Bei dieser Konstellation hätte es ein packendes Justizdrama werden können: Ein junger Anwalt aus Serbien wird in das Verteidigerteam von Radovan Karadžić berufen, der sich als ehemaliger Präsident der bosnischen Teilrepublik Srpska vor dem Internationalen Strafgerichtshof für Jugoslawien in Den Haag verantworten muß. Karadžić werden Völkermord und Verbrechen gegen die Menschlichkeit vorgeworfen.
Der aufstrebende Anwalt Marko Sladojević protestierte einst selbst gegen das Regierungssystem des serbischen Präsidenten Slobodan Milošević und verließ schließlich aus Frust über die Verhältnisse sein Land, um in den Niederlanden zu studieren.

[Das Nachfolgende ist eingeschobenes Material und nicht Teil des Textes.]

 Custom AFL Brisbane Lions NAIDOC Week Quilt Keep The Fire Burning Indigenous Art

Seit er Karadžić verteidigt, wird Sladojević oft mit der Frage konfrontiert, wie er denn einen Kriegsverbrecher verteidigen könne, und ob er wirklich an dessen Unschuld glaube. Doch Sladojević betrachtet diesen hochkomplexen Fall mit professioneller Distanz. Für ihn bedeutet diese Arbeit nicht zuletzt einen großen Karrieresprung.

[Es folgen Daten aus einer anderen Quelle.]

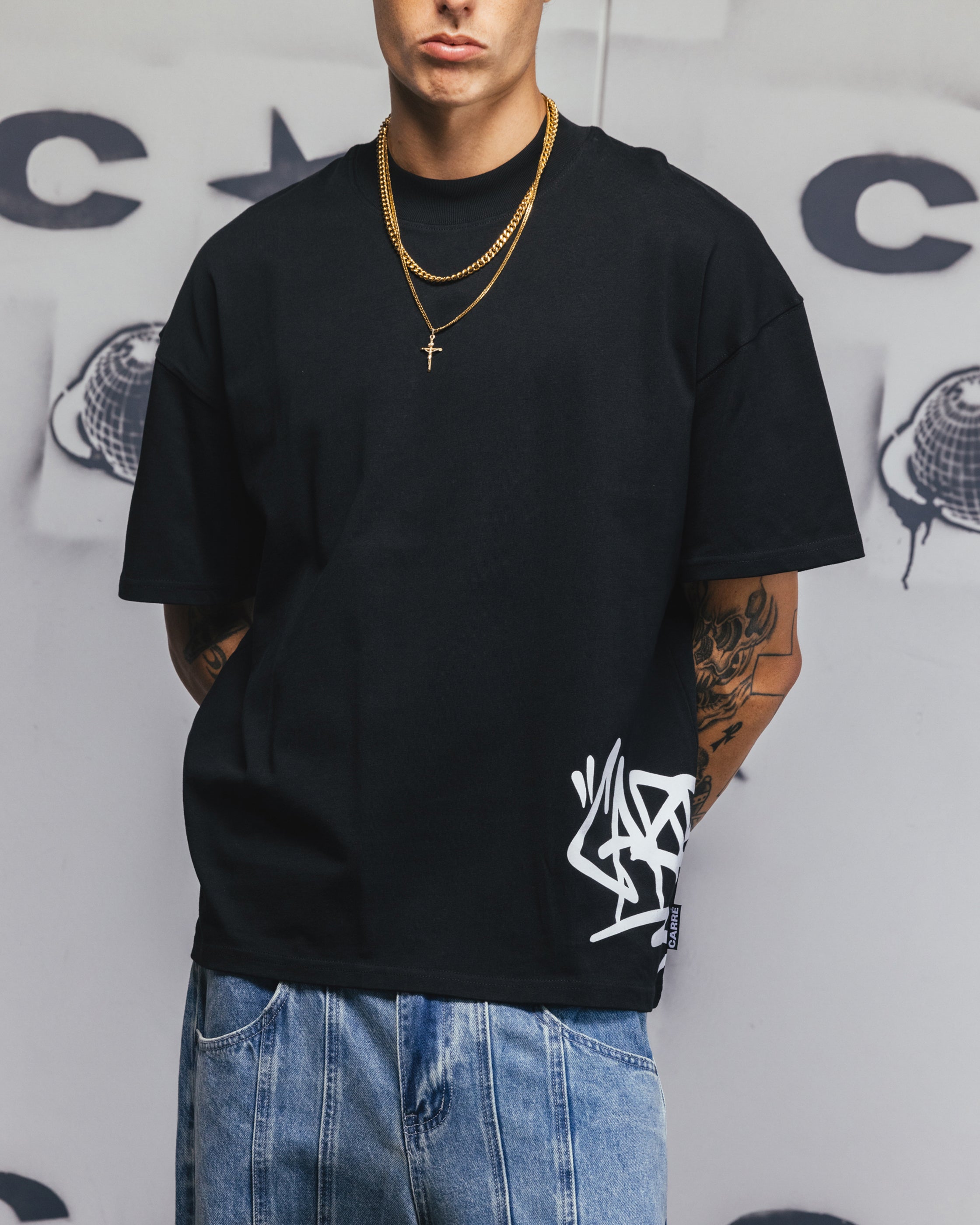 Carre Tagline T-Shirt Black、mySite、zt4zffjzw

DER SERBISCHE ANWALT begleitet den jungen Mann bei seiner Arbeit, zeigt ihn bei Zeugenvernehmungen in den Niederlanden und in Bosnien, bei Diskussionen mit seinen slowenischen Schwiegereltern, mit Freunden und bei Autofahrten von einem Termin zum nächsten. Karadžić selbst gibt kein Interview, auch durfte augenscheinlich nicht im Gerichtssaal gedreht werden. Dadurch lastet der ganze Film auf den Schultern nur eines Protagonisten, der jedoch trotz der ständigen Kamerabegleitung farblos bleibt. Ein sehr reflektierter Mann, der kluge Sätze spricht, aber kaum Leidenschaft ausstrahlt. Auch liegt es in der Natur der Sache, daß das sorgfältige Studium von Akten wenig cineastisches Material bietet.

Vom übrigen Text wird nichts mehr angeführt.